» **Assigned task**
The lines from the top of the listing through the one containing "Vinyl Pleated Skirt" are to be retyped exactly, with no other lines.

#### Materials provided ####

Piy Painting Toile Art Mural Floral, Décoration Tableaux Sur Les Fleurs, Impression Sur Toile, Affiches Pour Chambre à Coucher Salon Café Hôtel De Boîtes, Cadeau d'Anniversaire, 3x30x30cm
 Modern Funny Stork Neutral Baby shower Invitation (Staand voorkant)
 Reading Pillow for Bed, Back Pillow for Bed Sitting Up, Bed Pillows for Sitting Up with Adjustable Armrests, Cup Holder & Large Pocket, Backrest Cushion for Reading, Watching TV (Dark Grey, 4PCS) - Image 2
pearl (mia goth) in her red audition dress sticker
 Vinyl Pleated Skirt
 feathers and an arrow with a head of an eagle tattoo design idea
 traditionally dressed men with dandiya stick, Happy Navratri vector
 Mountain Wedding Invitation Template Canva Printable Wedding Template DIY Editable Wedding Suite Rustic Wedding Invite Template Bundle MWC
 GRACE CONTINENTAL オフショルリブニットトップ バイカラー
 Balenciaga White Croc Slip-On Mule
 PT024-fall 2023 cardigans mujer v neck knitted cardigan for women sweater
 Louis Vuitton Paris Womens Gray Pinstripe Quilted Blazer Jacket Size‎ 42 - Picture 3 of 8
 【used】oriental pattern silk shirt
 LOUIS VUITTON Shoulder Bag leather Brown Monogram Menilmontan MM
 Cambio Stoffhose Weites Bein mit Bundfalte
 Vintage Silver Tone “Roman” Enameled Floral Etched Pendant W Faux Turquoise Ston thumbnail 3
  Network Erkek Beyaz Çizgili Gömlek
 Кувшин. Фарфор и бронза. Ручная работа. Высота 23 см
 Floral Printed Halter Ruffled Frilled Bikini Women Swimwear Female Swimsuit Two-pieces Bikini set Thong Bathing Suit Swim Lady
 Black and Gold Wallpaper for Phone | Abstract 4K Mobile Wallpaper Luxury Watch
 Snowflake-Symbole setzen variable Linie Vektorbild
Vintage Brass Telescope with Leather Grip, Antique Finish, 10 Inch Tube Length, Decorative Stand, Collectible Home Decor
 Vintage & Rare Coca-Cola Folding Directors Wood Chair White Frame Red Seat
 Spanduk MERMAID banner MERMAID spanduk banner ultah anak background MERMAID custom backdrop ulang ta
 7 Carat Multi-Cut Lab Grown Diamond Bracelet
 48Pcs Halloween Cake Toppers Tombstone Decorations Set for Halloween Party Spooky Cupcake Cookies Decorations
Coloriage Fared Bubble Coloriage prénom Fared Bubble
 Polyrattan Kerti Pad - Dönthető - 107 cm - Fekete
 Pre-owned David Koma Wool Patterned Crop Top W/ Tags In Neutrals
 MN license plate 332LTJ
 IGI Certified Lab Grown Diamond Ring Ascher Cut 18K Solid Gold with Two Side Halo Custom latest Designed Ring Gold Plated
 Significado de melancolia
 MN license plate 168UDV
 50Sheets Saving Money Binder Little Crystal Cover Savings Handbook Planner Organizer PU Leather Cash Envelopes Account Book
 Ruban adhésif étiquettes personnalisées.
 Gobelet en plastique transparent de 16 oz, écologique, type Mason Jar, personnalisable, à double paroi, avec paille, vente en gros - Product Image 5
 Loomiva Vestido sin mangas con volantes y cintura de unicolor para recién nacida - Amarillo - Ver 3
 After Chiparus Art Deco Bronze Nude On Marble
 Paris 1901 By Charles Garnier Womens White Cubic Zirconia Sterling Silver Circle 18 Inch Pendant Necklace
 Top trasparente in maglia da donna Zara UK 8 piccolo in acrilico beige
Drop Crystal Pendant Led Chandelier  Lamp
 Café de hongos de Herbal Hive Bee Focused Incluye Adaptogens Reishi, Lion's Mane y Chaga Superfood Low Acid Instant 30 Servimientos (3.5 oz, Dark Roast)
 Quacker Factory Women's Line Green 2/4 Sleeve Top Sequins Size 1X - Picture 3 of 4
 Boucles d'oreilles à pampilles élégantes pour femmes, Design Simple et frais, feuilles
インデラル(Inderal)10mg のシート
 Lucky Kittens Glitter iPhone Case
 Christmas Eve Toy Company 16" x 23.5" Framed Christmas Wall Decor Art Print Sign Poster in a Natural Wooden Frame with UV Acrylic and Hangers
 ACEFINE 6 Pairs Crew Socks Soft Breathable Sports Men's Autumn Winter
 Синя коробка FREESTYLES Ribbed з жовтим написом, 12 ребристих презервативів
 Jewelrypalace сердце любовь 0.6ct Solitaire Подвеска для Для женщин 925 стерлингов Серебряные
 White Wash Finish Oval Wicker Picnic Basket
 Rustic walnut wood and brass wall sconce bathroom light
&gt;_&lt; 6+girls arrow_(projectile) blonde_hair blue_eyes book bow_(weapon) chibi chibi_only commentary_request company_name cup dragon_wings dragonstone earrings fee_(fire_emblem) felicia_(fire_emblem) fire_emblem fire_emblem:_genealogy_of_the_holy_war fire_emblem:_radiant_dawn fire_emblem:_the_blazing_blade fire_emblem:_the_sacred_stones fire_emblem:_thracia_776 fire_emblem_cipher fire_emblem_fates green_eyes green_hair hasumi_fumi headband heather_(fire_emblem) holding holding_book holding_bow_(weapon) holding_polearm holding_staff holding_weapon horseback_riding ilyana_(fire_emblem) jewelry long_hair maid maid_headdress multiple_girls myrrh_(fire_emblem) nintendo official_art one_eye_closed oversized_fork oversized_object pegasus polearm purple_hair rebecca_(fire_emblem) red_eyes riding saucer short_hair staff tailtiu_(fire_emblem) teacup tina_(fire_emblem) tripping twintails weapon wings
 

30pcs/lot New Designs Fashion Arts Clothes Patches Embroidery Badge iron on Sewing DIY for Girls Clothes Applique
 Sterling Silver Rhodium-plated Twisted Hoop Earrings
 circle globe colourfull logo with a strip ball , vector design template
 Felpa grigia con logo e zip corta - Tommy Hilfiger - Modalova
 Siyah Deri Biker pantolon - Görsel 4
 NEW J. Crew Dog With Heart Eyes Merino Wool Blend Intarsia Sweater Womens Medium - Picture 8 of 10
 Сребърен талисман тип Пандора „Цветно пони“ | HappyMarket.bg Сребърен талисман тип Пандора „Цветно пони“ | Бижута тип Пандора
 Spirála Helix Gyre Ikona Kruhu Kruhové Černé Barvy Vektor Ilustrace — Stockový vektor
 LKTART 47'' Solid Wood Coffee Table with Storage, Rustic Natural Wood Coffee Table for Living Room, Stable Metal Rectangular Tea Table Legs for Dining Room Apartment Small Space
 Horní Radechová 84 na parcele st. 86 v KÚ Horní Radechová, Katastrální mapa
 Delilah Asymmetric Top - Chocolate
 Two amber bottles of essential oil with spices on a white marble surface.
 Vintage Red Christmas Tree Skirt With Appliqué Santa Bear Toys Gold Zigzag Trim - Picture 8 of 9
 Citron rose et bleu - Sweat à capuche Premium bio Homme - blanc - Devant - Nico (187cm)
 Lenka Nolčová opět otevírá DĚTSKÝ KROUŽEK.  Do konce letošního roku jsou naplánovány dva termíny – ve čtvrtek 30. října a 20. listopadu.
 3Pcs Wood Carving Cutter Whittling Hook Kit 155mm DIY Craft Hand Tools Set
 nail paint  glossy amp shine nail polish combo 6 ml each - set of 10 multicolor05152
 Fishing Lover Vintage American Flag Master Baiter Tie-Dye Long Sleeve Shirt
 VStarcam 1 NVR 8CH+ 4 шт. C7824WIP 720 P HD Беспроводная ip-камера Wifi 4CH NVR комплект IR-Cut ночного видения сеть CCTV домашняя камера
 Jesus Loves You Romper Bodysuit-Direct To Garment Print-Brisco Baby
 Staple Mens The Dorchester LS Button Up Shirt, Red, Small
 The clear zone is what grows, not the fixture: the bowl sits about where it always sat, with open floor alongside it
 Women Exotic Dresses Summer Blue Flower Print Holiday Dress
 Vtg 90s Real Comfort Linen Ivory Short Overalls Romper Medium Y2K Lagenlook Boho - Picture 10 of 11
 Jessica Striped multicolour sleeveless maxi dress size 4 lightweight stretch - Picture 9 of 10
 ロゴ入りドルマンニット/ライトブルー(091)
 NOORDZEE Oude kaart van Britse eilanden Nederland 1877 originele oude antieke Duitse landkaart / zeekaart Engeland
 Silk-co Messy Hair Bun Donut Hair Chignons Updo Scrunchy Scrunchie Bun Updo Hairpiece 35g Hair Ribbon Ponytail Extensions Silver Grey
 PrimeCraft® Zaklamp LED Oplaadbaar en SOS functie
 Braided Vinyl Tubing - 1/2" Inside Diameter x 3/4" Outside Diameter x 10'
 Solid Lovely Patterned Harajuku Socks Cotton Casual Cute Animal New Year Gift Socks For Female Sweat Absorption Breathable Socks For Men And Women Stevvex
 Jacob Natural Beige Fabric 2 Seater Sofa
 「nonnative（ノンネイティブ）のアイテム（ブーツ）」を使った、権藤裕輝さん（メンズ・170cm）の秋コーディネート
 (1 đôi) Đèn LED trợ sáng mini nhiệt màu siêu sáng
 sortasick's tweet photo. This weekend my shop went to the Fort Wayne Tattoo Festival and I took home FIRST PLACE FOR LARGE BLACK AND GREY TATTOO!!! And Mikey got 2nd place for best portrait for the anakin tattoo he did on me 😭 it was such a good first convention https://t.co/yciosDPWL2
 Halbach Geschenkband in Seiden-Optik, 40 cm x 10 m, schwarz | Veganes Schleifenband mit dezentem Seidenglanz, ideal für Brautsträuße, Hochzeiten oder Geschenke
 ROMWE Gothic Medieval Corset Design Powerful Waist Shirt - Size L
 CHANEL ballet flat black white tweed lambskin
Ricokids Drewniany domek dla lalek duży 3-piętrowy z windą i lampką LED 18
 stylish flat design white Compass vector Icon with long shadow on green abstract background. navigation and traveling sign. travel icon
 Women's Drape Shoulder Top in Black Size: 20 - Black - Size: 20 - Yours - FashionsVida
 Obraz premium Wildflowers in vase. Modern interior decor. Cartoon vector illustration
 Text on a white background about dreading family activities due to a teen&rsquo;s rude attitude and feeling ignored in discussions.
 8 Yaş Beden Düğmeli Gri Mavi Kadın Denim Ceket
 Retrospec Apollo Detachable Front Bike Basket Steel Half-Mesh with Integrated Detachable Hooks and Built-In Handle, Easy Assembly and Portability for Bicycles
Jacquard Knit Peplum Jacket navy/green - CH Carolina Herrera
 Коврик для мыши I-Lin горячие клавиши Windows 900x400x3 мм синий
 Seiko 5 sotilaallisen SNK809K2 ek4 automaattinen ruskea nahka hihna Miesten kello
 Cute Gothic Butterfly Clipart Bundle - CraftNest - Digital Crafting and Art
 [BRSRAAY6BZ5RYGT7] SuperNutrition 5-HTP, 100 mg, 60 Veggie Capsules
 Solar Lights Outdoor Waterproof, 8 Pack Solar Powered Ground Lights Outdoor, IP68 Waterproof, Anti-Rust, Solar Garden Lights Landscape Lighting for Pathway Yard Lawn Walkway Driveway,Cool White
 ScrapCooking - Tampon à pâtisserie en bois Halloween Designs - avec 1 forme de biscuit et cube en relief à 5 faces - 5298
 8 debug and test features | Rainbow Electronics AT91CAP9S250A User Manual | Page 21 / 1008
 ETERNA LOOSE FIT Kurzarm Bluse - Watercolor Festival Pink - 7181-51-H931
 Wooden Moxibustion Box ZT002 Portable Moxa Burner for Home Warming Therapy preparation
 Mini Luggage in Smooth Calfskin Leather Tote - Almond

####

» **Answer**
Piy Painting Toile Art Mural Floral, Décoration Tableaux Sur Les Fleurs, Impression Sur Toile, Affiches Pour Chambre à Coucher Salon Café Hôtel De Boîtes, Cadeau d'Anniversaire, 3x30x30cm
 Modern Funny Stork Neutral Baby shower Invitation (Staand voorkant)
 Reading Pillow for Bed, Back Pillow for Bed Sitting Up, Bed Pillows for Sitting Up with Adjustable Armrests, Cup Holder & Large Pocket, Backrest Cushion for Reading, Watching TV (Dark Grey, 4PCS) - Image 2
pearl (mia goth) in her red audition dress sticker
 Vinyl Pleated Skirt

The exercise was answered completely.